By establishing who you are and defining what you stand for and whom you serve, you implicitly—or explicitly—say who you aren’t, what you don’t stand for, and whom you won’t serve.
Corporate Me-Tooism. Monkey see, monkey do. Copycatting will get you exactly what you’ve earned: a cloak of invisibility.
What drives the rush to mediocrity? Is it that everyone want to desperately be loved by everyone? To be popular? Exactly.
Defining one’s market area is difficult because it is the first step in paring down your potential market. You must decide your place in the market, select your target customer, and be willing to forego all the others. Give yourself permission to exclude whole segments of the market and concentrate on where you want to be strong.
How will you deliver on your brand promise? How will your customers experience your difference? Through your product? Through your culture? Through your retail channel? Through your brand? Which characteristics of those segments need to be superior in order to support your main focus?
One of the strengths of your culture must be unwavering support for your brand’s differentiation. Does the vision of the brand permeate all the thinking done by the people who work in the organization? Do they get it? Do they dream it? Do they taste it? Do they hold each other accountable for making the brand live up to the vision? More important, do they evangelistically sell it?
Branding is:
Brand Definition: A brand is a promise wrapped in an experience—a consistent promise wrapped in a consistent experience.
It is imperative that you understand how your message is heard. A great way to bring clarity to your communication is to start with a promise that permeates everything you do.

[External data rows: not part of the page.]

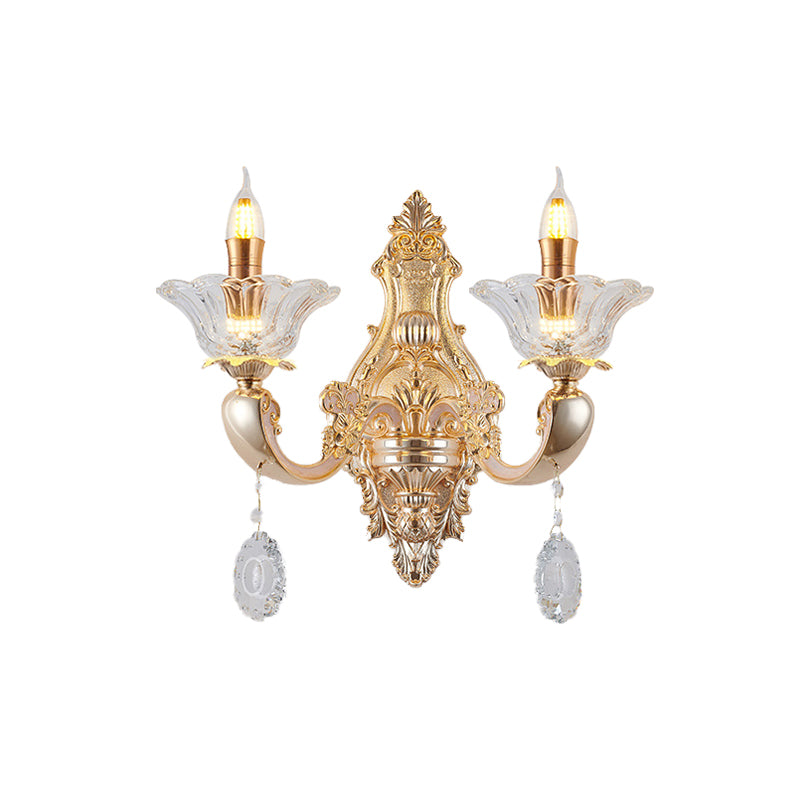 Skørter | Retro Candle Wall Lamp Lighting Fixture 1/2-Bulb Clear Crystal Glass Wall Mounted Lamp in Gold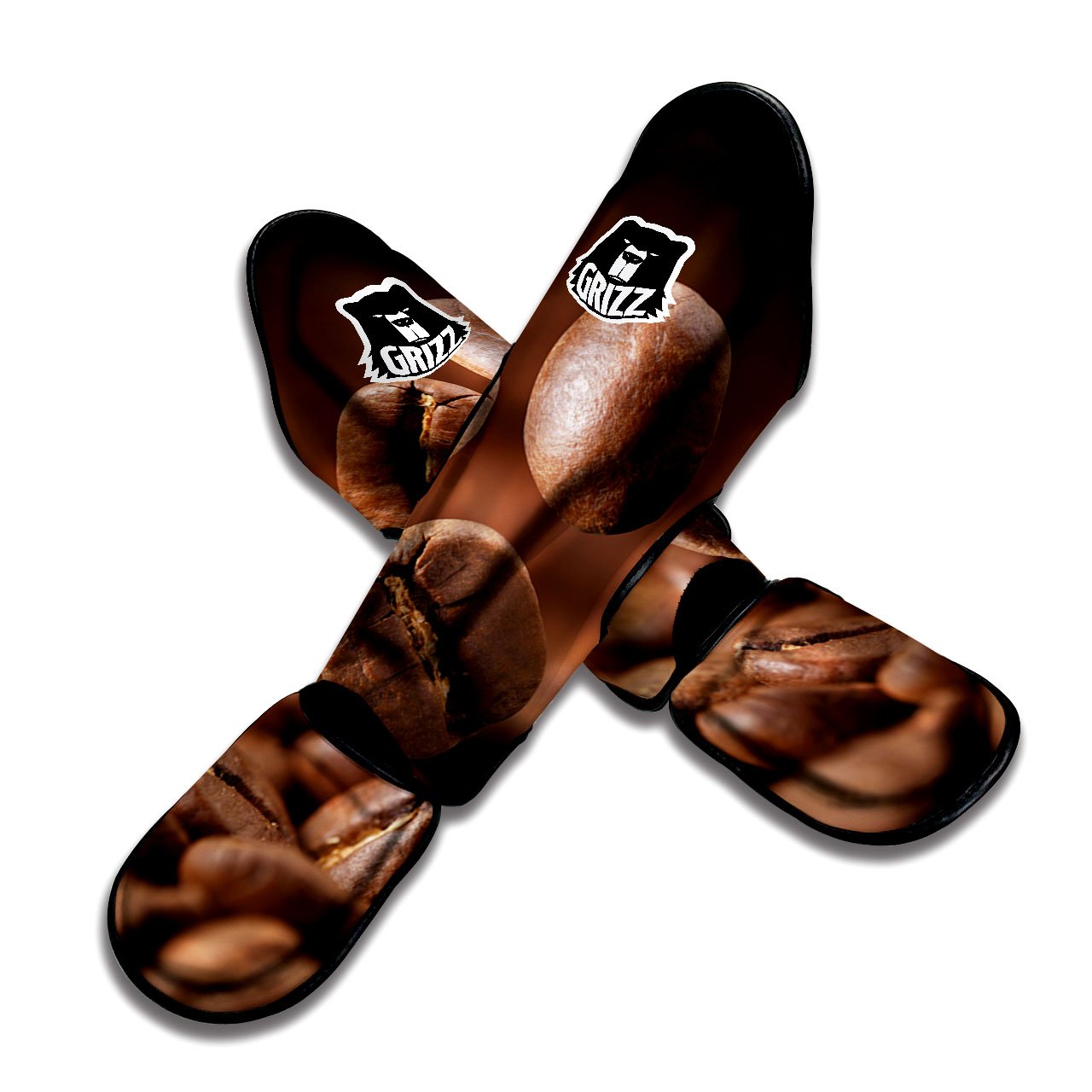 Roasted Coffee Bean Print Muay Thai Shin Guards-grizzshop
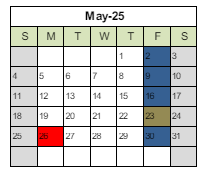 District School Academic Calendar for Stocker Elementary for May 2025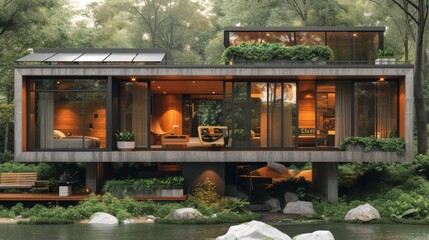   A house perched atop a verdant hill overlooking a tranquil body of water and nestled amidst a lush forest
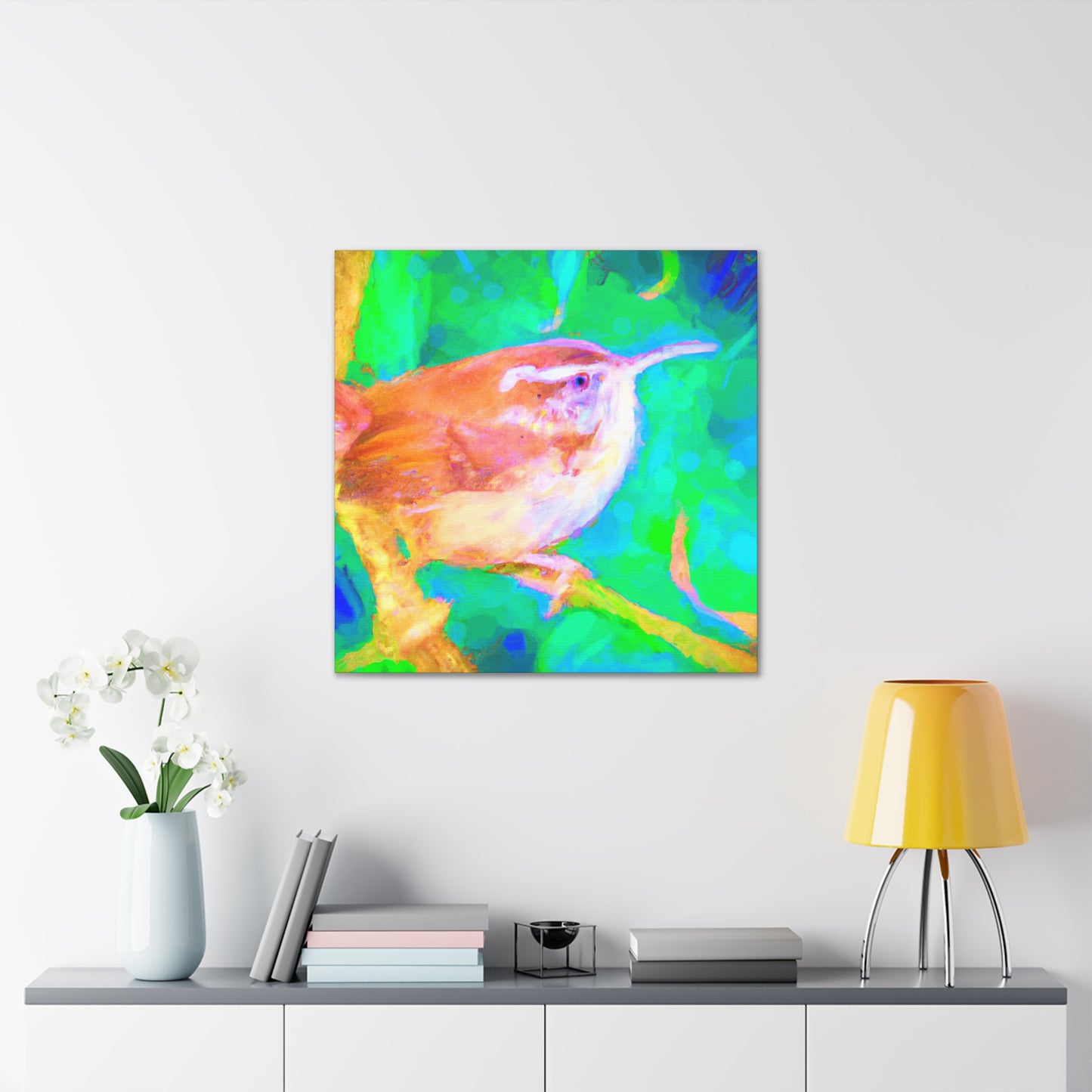 "Carolina Wren Impressionism" - Canvas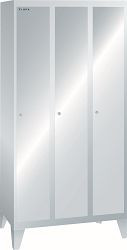 LISTA Garderobenschrank (BxTxH) 900x500x1850mm 3 Abteile, glatte Tür, Farbe: Lichtgrau, Zylinderschloss, 94.450.020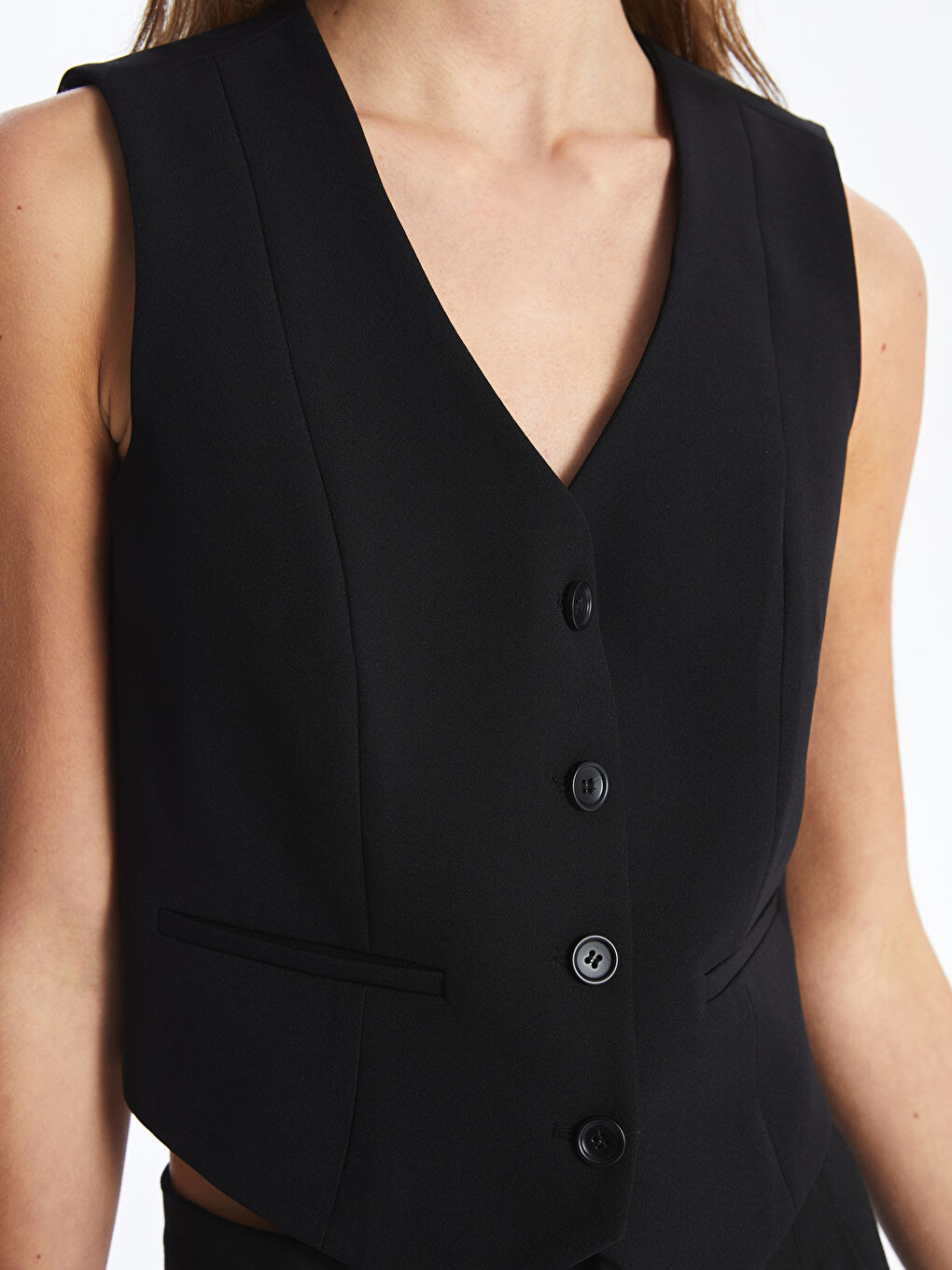 Siyah Kadın V Yaka Düz Klasik Yelek-3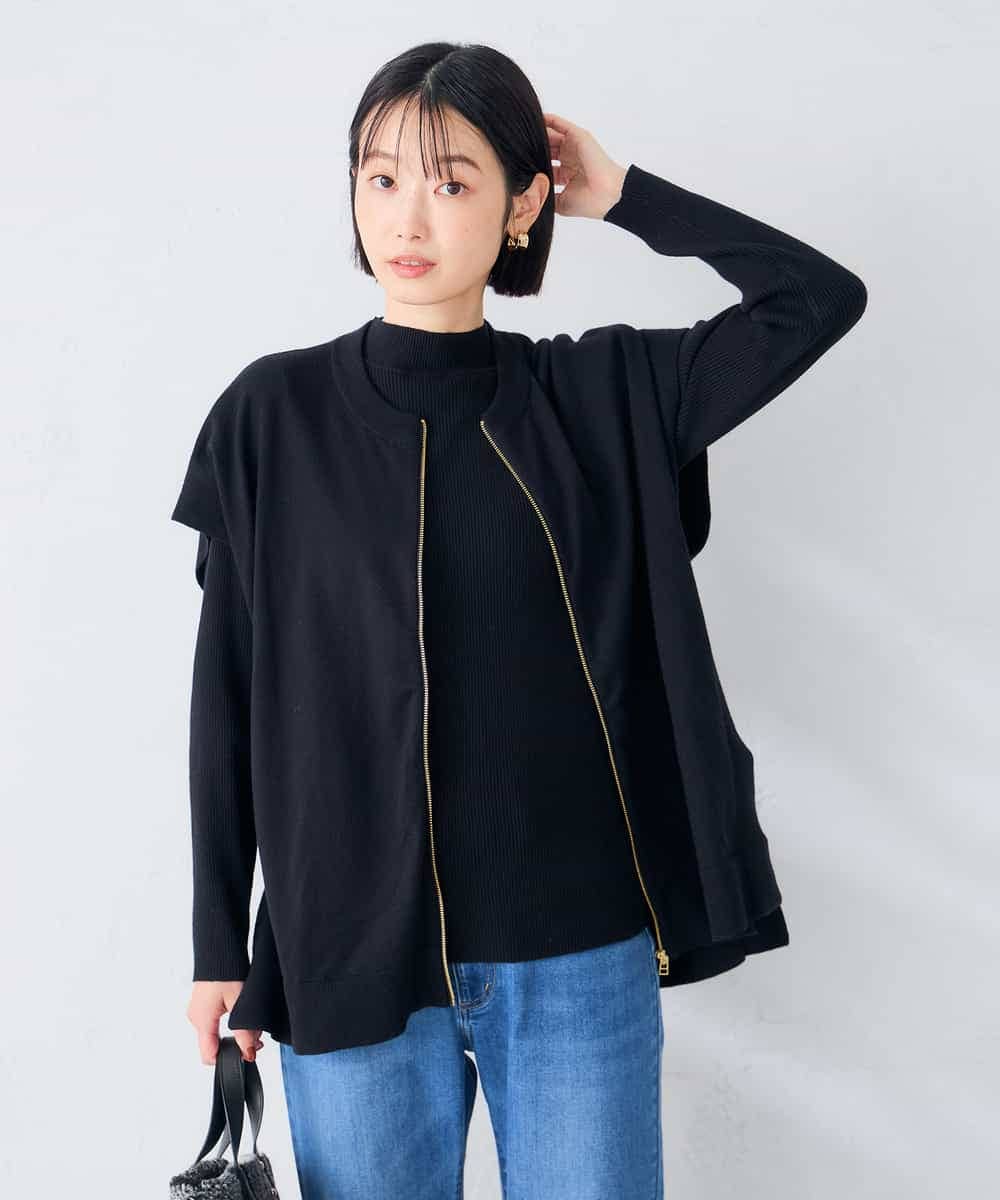 K2FAG30069 a.v.v(アー・ヴェ・ヴェ) 【2SET/洗える】ZIPベスト レイヤードセット グリーン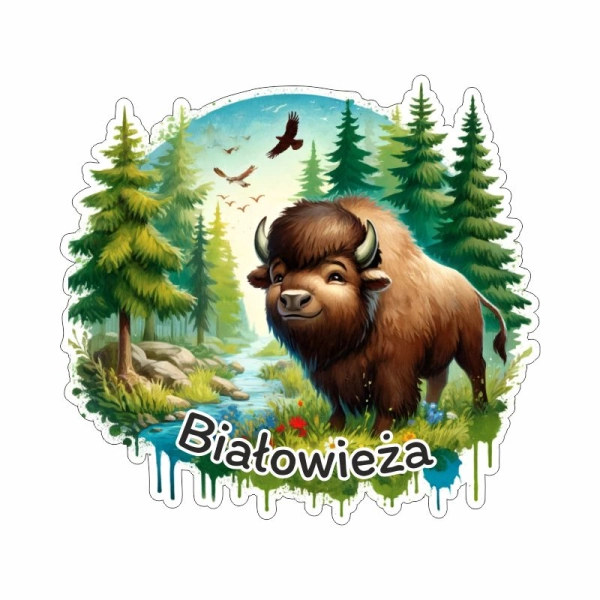 Drewniany magnes Żubr UV N1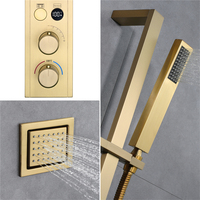 Douche à pluie et cascade encastrée au plafond 36*12 pouces avec tête de douche LED et haut-parleur musical, robinet de douche thermostatique pour salle de bain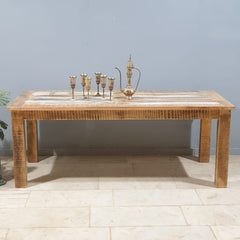 Corso Reclaimed & Mango Wood Rectangle Dining Table 6-8 Seater Natural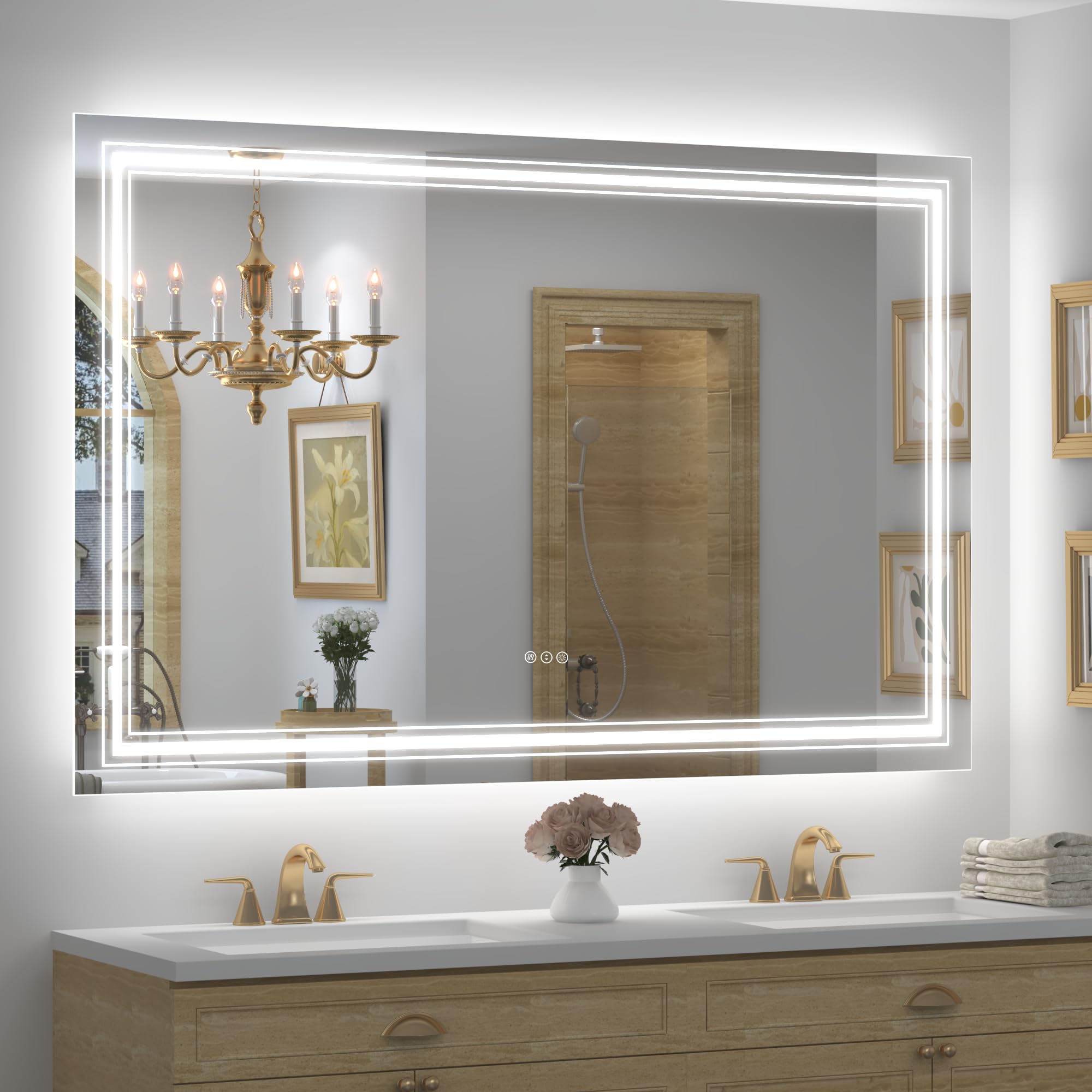 20x28 LED Bathroom Mirror, Vanity Mirror with Lights, Backlit and Front lit Mirror for Wall, Dimmable, Anti-Fog, Shatterpoof, Memory (Horizontal/Vertical)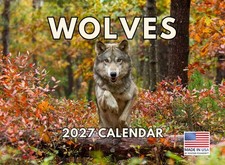 Wolf Calendar 2027 Wolves Monthly Wall Calender 12 Month picture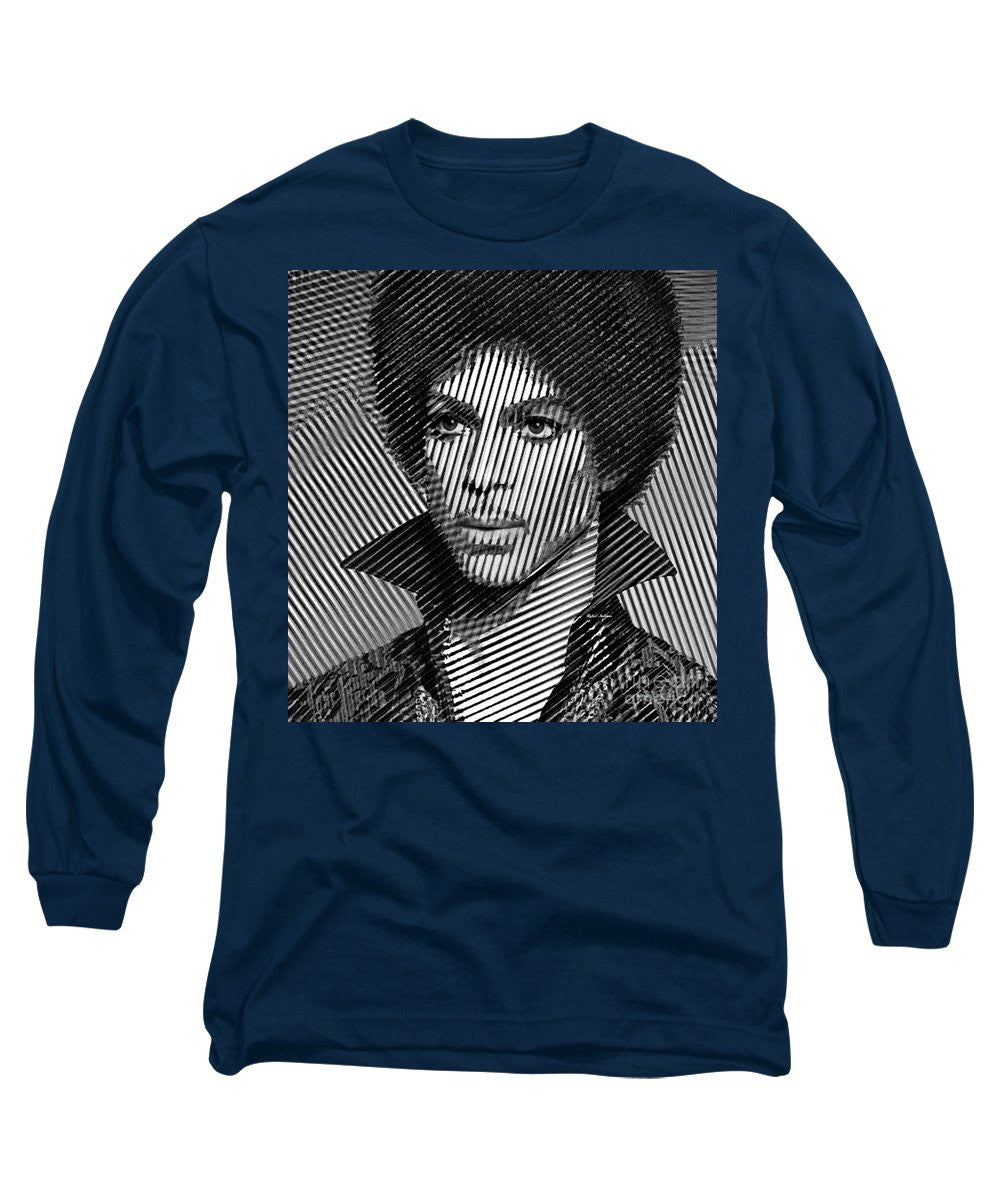 Long Sleeve T-Shirt - Prince - Tribute In Black And White Sketch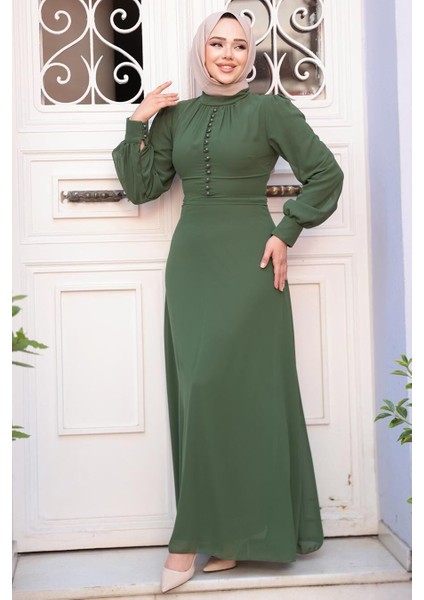 Düğme Detaylı Haki Tesettür Elbise 2703HK modelleri
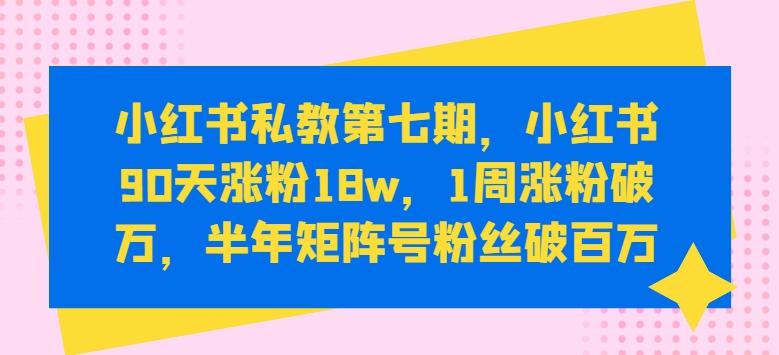 小红书私教第七期，小红书90天涨粉18w，1周涨粉破万，半年矩阵号粉丝破百万-巅峰资源网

So how do you speed up the brand-building effort? Simple, you must be ruthlessly consistent. Why? For two reasons. First, to stand out, you must carve out a place in the market, and you won’t do that if you’re spewing inconsistent, every changing, all-over-the-lot messages. You will just get lost in the clutter.
Second, after you carve out your space, you must prove—prove—to your customers that you deliver what you promise.
Confusion is not a sound marketing platform. Complexity in all forms slows down communication. Your goal is to sell your products’ intrinsic value. If it takes more than a few words and phrases to describe your [offerings], you have made it unnecessarily complicated. Make it easy and simple for the customer to say yes.
The clarity of your promise can produce great strength and separation in the marketplace, but only if you communicate consistently.
In our choice-filled world of noise and nonsense, the best way to make yourself important is to say something important and say it well. Reduce what you want to say to its essence. Let that essence shine throughout all your work. Simplify everything that gets in the way of clarity.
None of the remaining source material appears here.